◆ What is expected:
With the pictures omitted, repeat exactly the lines below starting with the line that has "Free People White" and going on through the line that has "Happy funny camel.".

◆ Provided data:
_ _ _
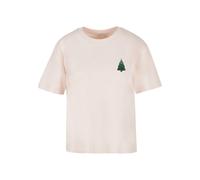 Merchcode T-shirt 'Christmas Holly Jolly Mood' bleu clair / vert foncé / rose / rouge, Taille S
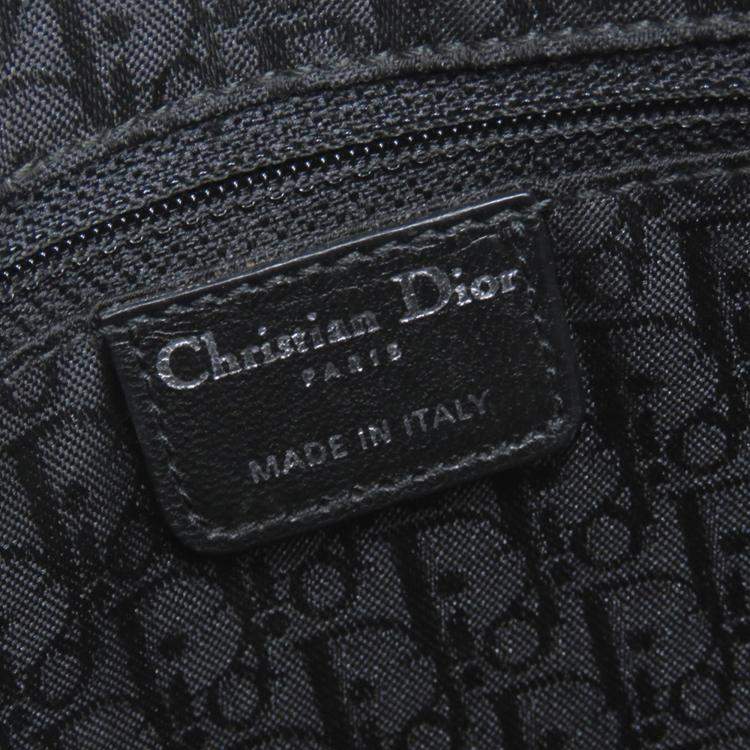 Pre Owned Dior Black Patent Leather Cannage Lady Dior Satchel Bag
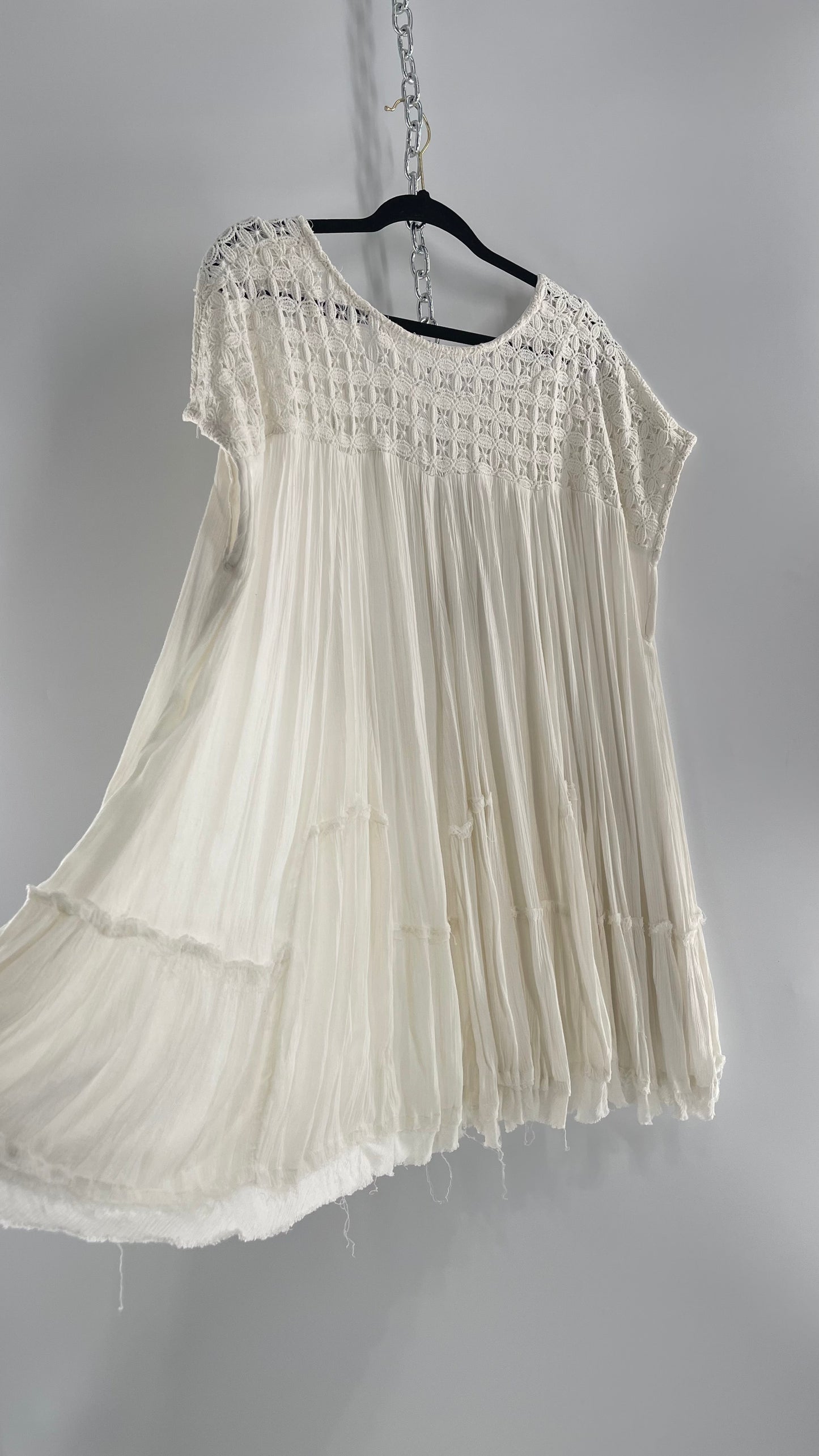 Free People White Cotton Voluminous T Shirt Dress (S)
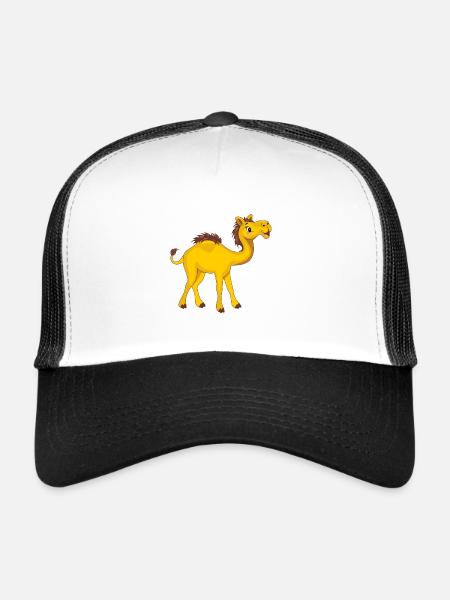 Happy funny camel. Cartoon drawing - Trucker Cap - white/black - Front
_ _ _
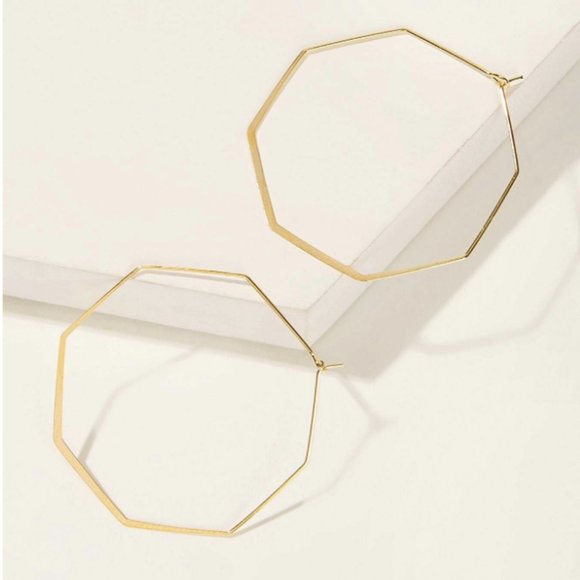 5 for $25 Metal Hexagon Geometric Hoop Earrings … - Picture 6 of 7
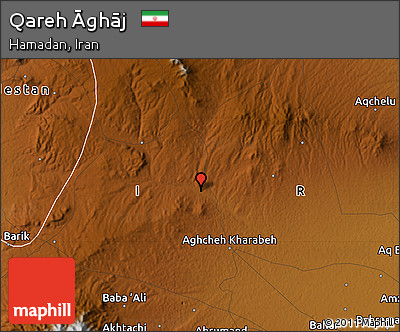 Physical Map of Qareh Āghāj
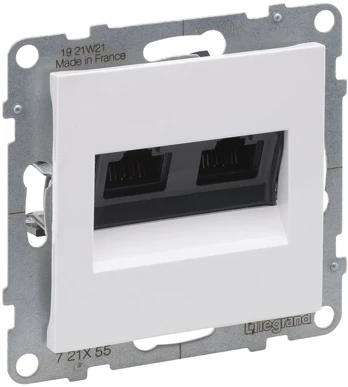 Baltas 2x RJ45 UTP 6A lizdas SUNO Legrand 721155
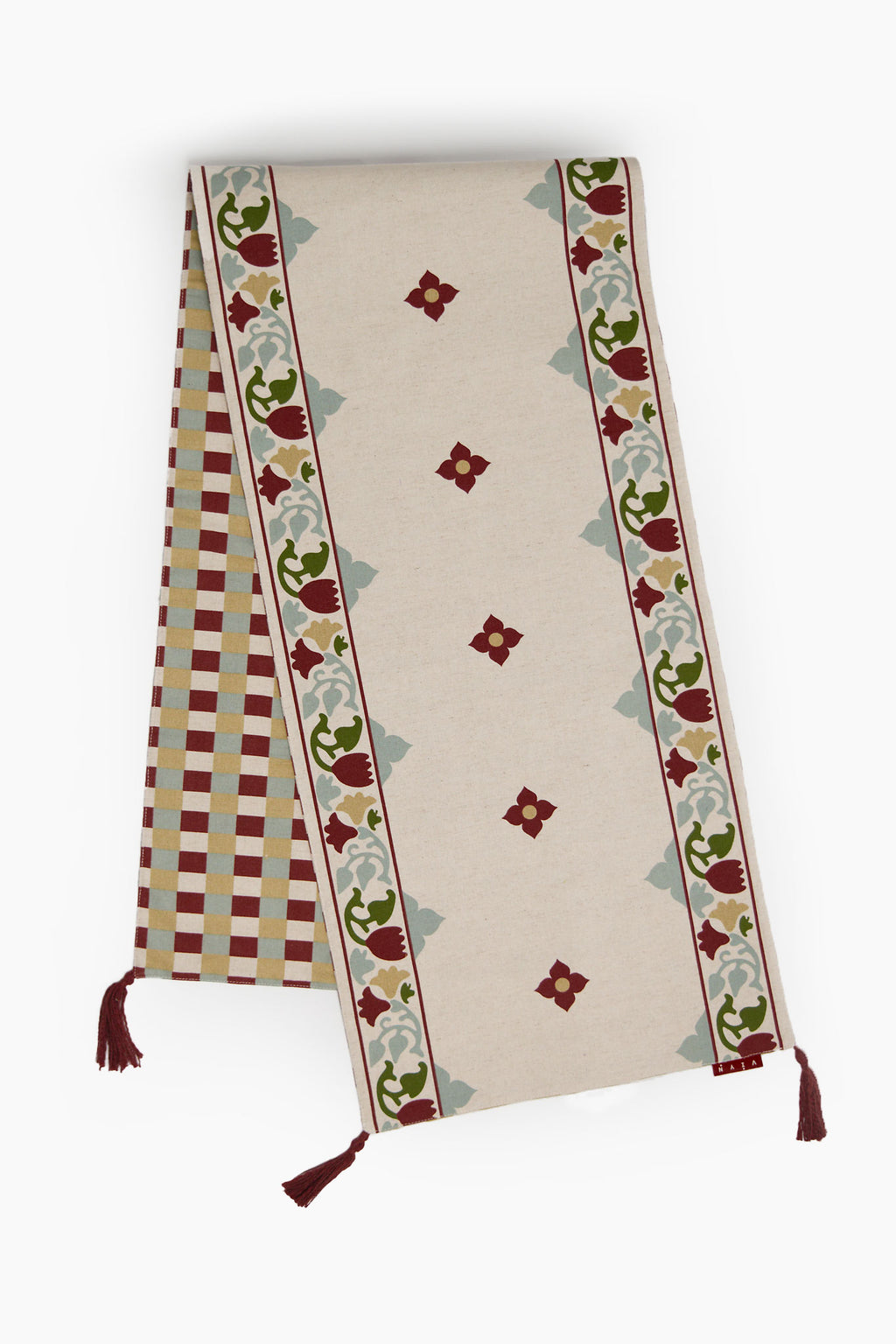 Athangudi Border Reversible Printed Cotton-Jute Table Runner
_ _ _
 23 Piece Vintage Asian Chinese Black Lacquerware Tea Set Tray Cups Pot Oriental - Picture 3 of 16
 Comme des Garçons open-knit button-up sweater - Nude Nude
_ _ _
◆ Exercise response:
 Free People White Cotton Voluminous T Shirt Dress (S)
 Happy funny camel. Cartoon drawing - Trucker Cap - white/black - Front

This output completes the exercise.